2.  Gifts that keep on giving.

One way to make your children’s inheritance go even farther is to give it as an appreciable asset. For example, helping one of your children buy a home could increase the value of your gift considerably as the house appreciates in value. Likewise, if you have stock in a company that is likely to prosper, gifting some of the stock to your children could result in greater wealth for them in the future.

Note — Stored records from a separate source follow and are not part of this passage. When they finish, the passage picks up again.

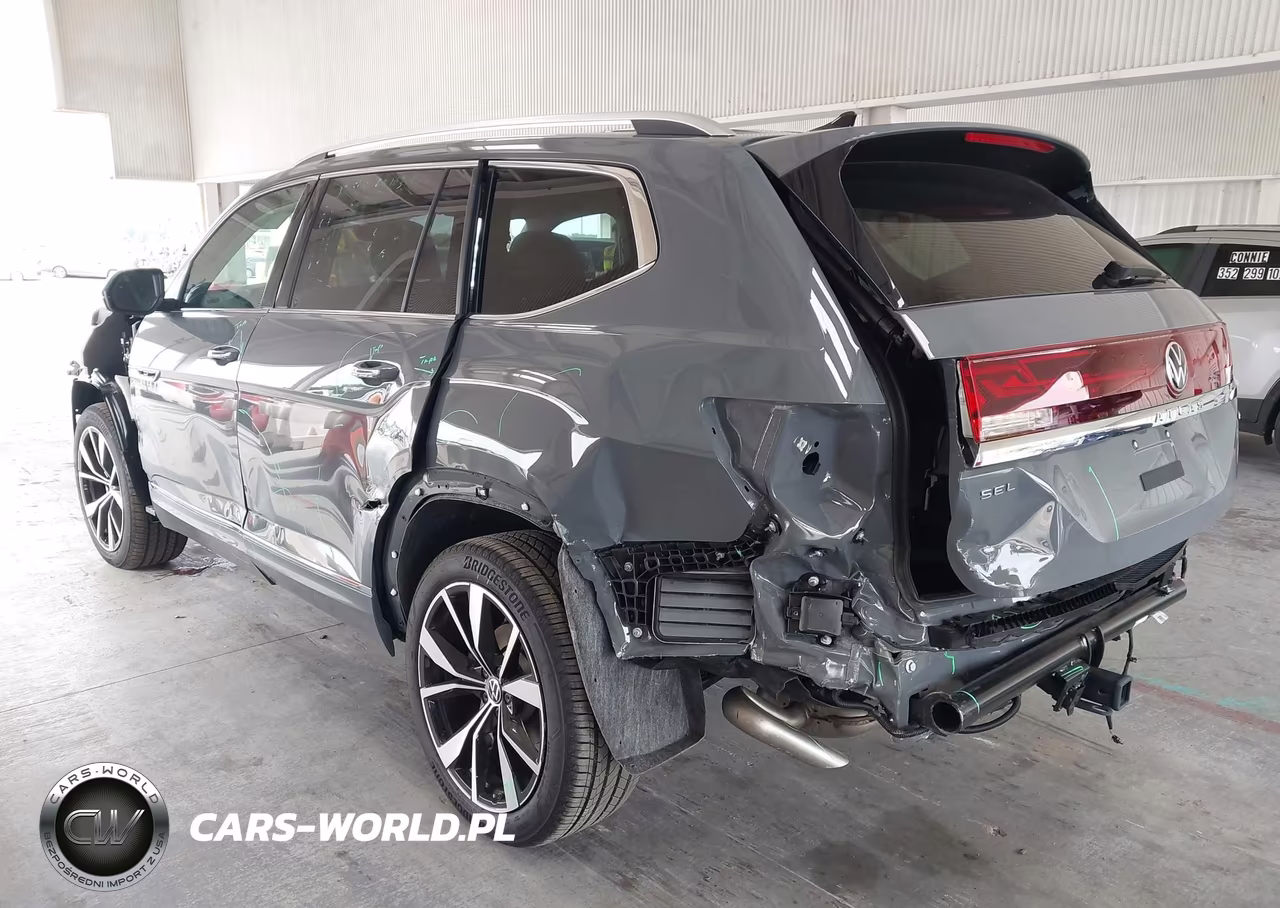 2026 Volkswagen Atlas Sel Premium R-Line VIN:1V2FN2CA6TC525710 - 3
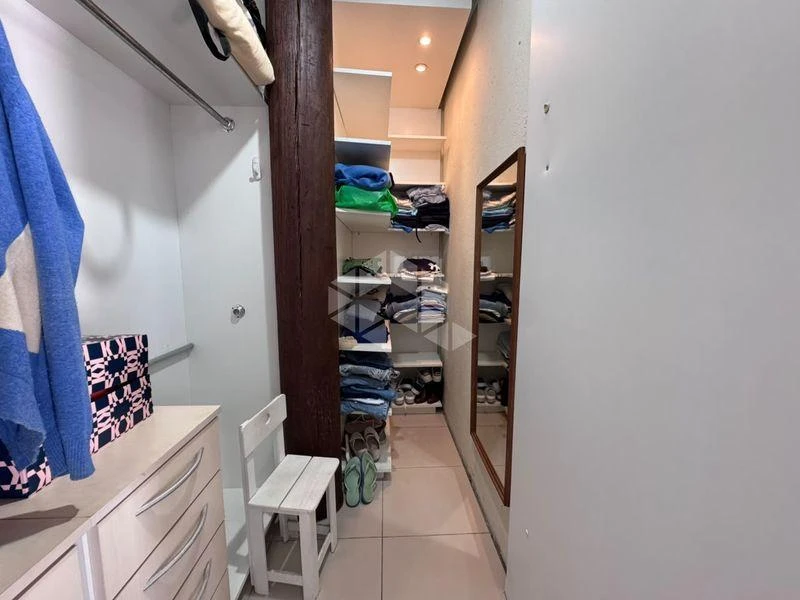 Walk-in closet in a 3-bedroom house, 224 m² — photo 25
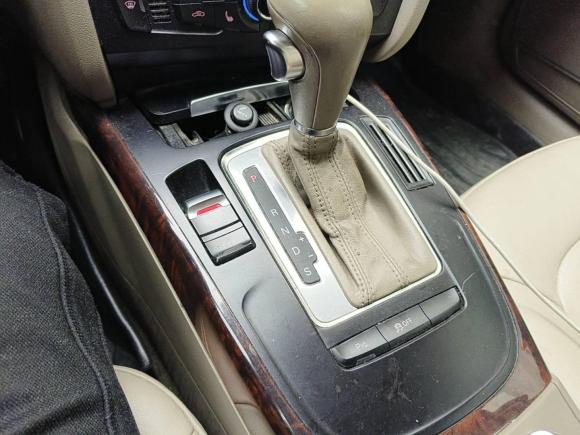 [上海·皖K] 二手奥迪奥迪A4L2012款 2.0 TFSI 自动舒适型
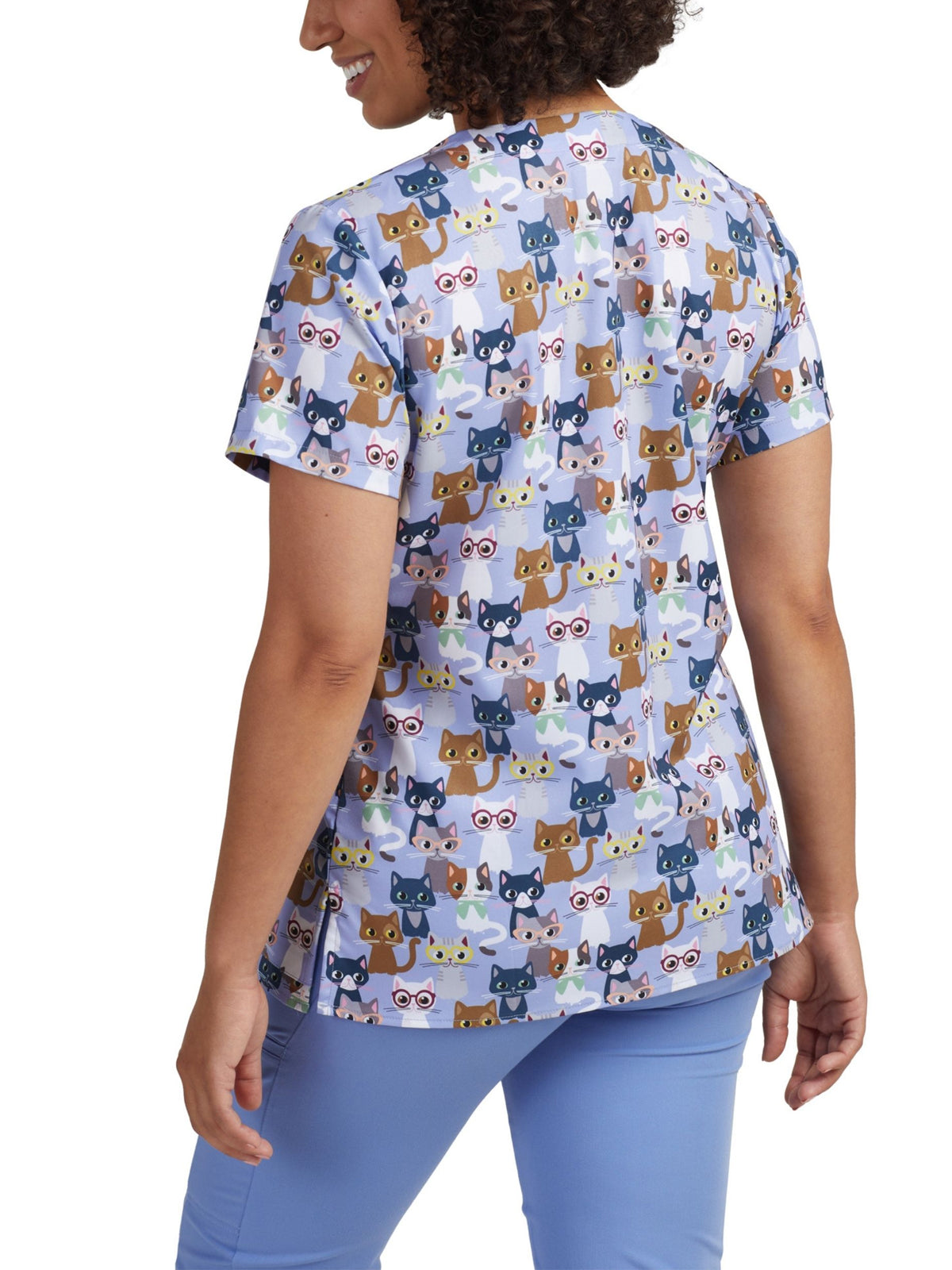 Women's 3-Pocket V-Neck Printed Top - 618 - Curious Cats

3.  One size does not fit all.

Don’t feel pressured to follow the same path for all your children in the name of equal treatment. One of your children might prefer to wait to receive her inheritance, for example, while another might need the money now to start a business. Give yourself the latitude to do what is best for each child individually; just be willing to communicate your reasoning to the family to reduce the possibility of misunderstanding or resentment

4. Don’t touch your retirement.

If the immediate need is great for one or more of your children, resist the urge to tap into your retirement accounts to help them out. Make sure your future is secure before investing in your children’s. It may sound selfish in the short term, but it’s better than possibly having to lean on your kids for financial help later when your retirement is depleted.

Giving your kids an early inheritance is not only feasible, but it also can be highly fulfilling and rewarding for all involved. That said, it’s best to include a trusted financial advisor and an experienced estate planning attorney to help you navigate tax issues and come up with the best strategy for transferring your assets.